- _Provided data_:
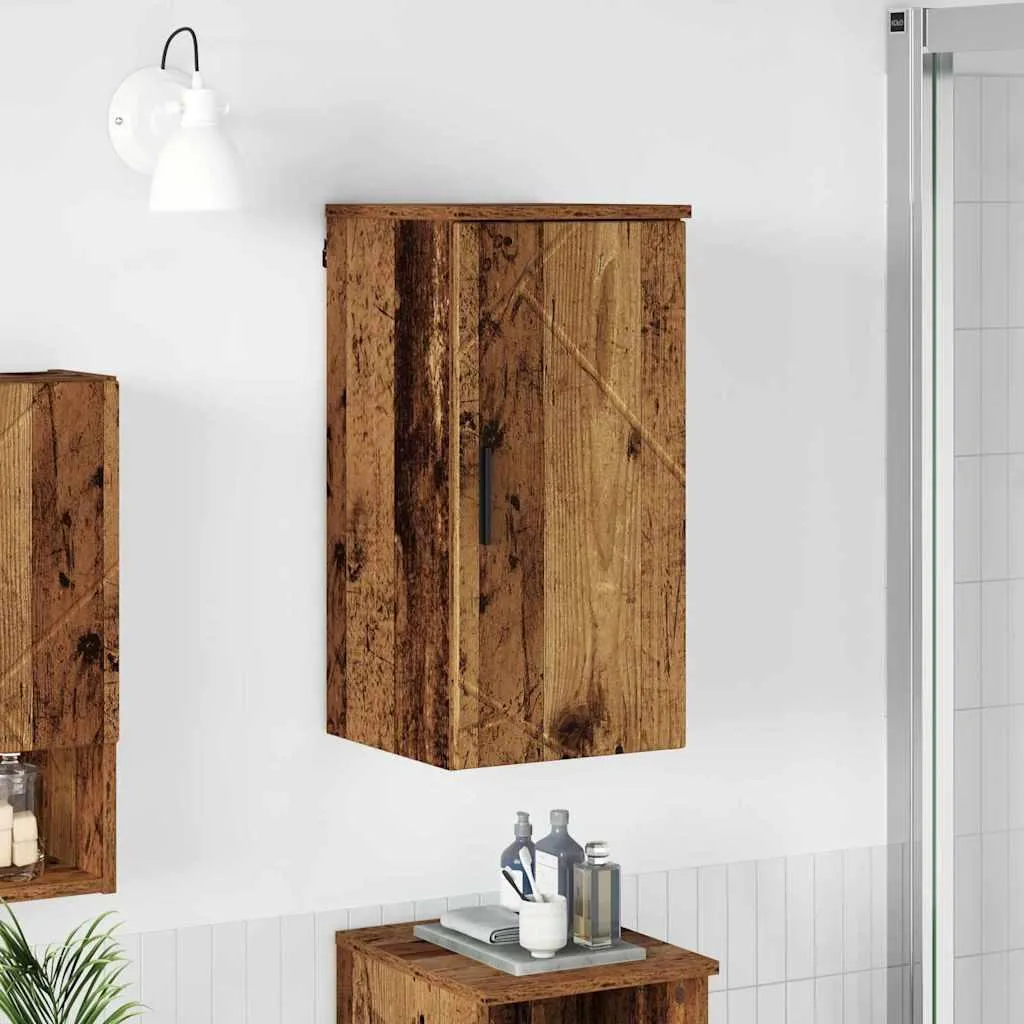 Elegante Mobile Bagno Pensile vidaXL Legno Recuperato 30 cm - Design Unico - 2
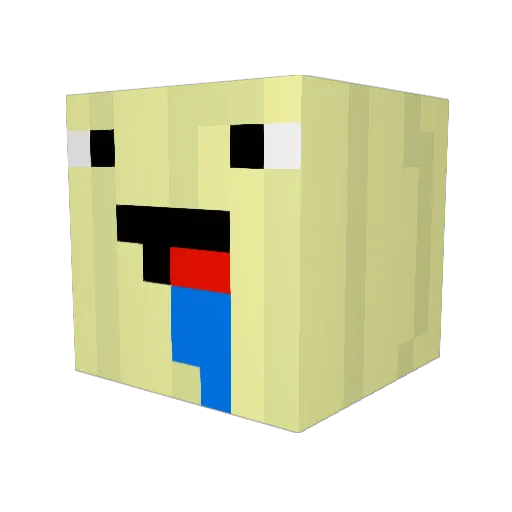 Bofu4935 Minecraft avatar head, 3D render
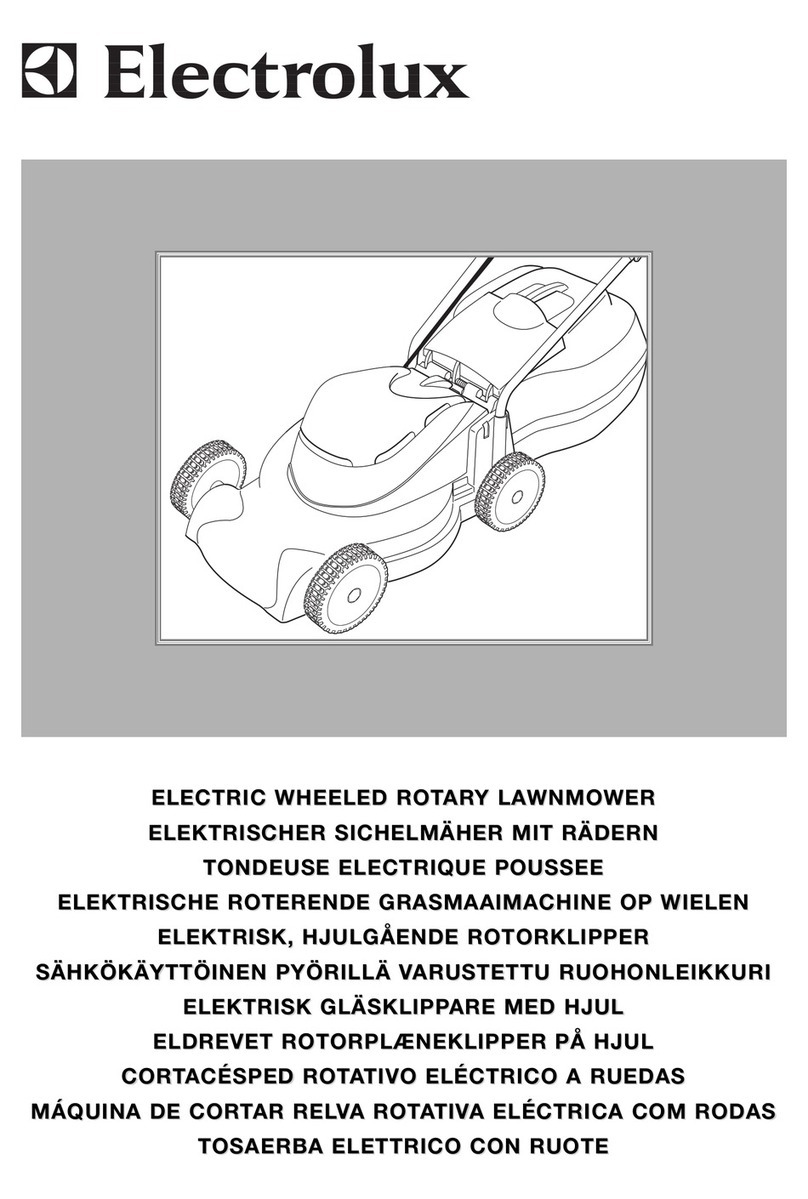 Electrolux RE37 User manual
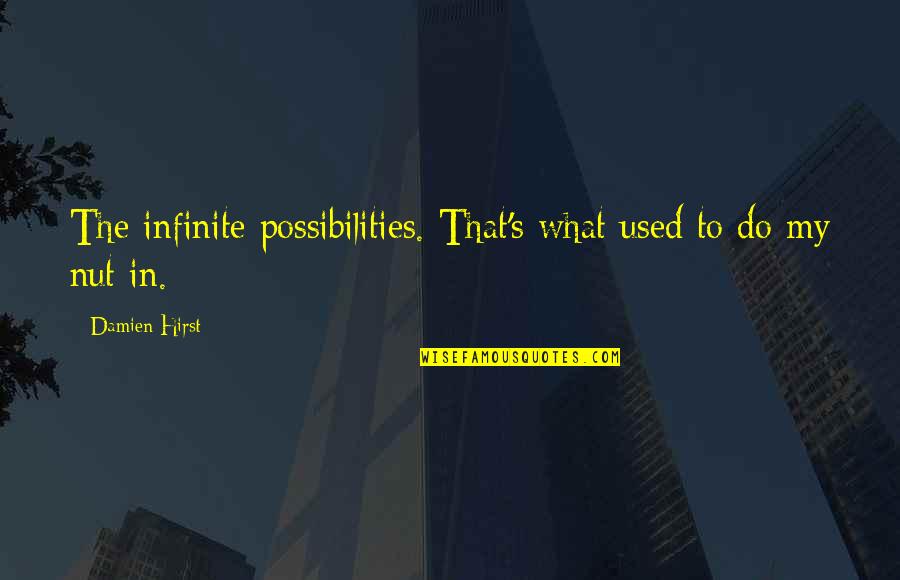 Possibility's Quotes By Damien Hirst: The infinite possibilities. That's what used to do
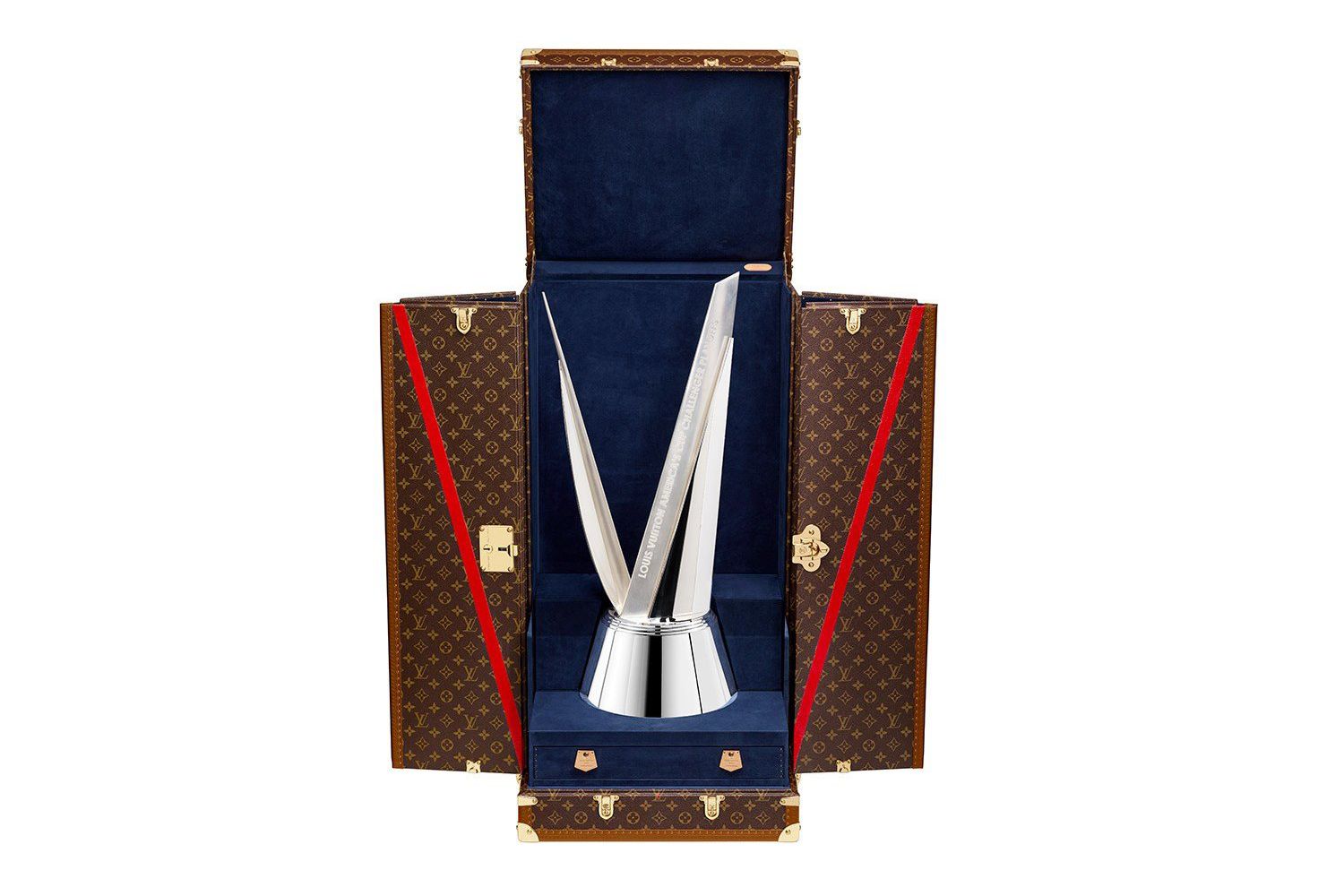  The Louis Vuitton America Cup Challenger Playoffs trophy and trunk, 2017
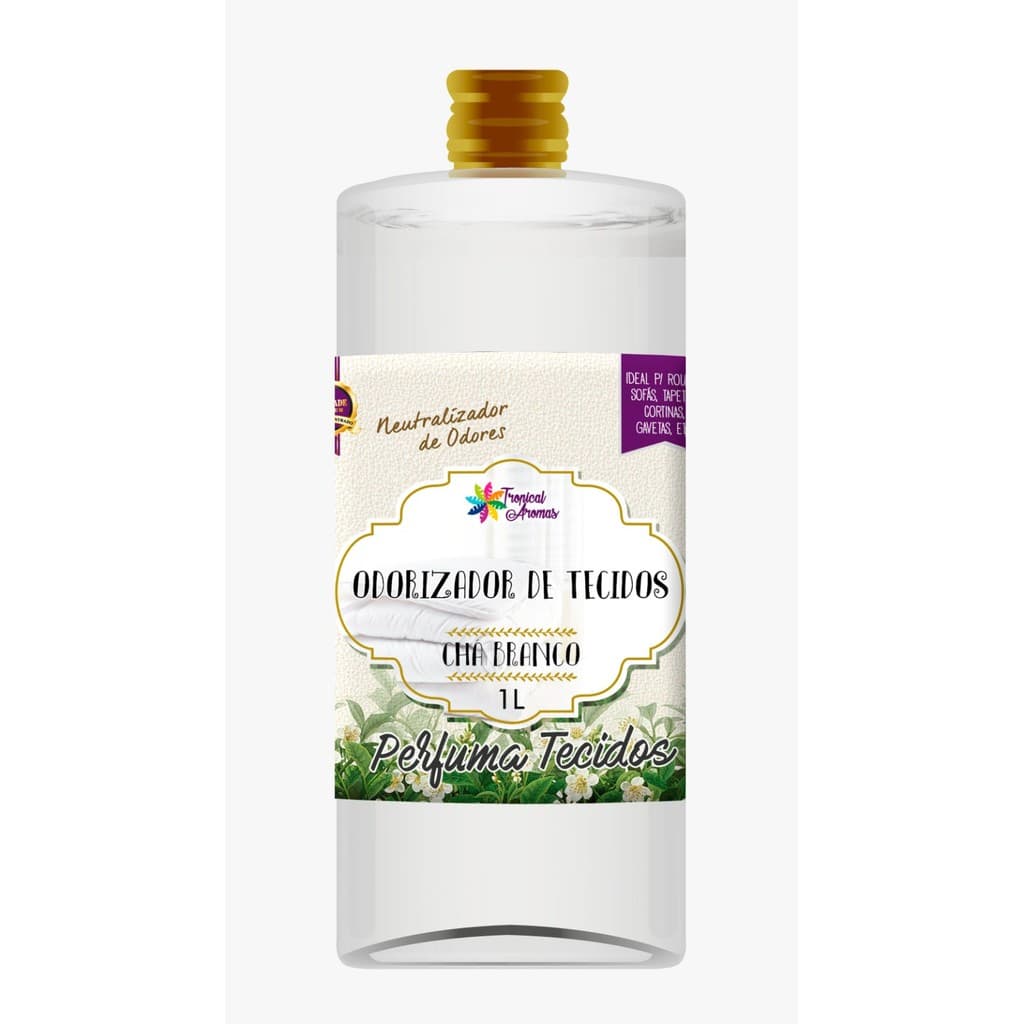 Refil Perfumado Odorizador de Tecidos Chá Branco 1L Tropical Aromas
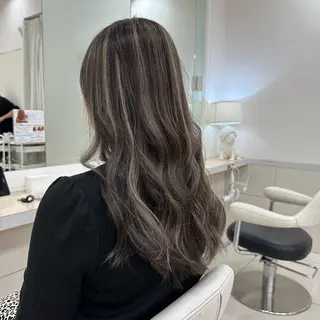 セミロング 竹下 勝也のヘアスタイル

- _Task requirements_: Keeping the pictures out, print the entries above exactly as written.

- _Answer section_:
 Elegante Mobile Bagno Pensile vidaXL Legno Recuperato 30 cm - Design Unico - 2
 Bofu4935 Minecraft avatar head, 3D render
 Electrolux RE37 User manual
 Possibility's Quotes By Damien Hirst: The infinite possibilities. That's what used to do
  The Louis Vuitton America Cup Challenger Playoffs trophy and trunk, 2017
 Refil Perfumado Odorizador de Tecidos Chá Branco 1L Tropical Aromas
 セミロング 竹下 勝也のヘアスタイル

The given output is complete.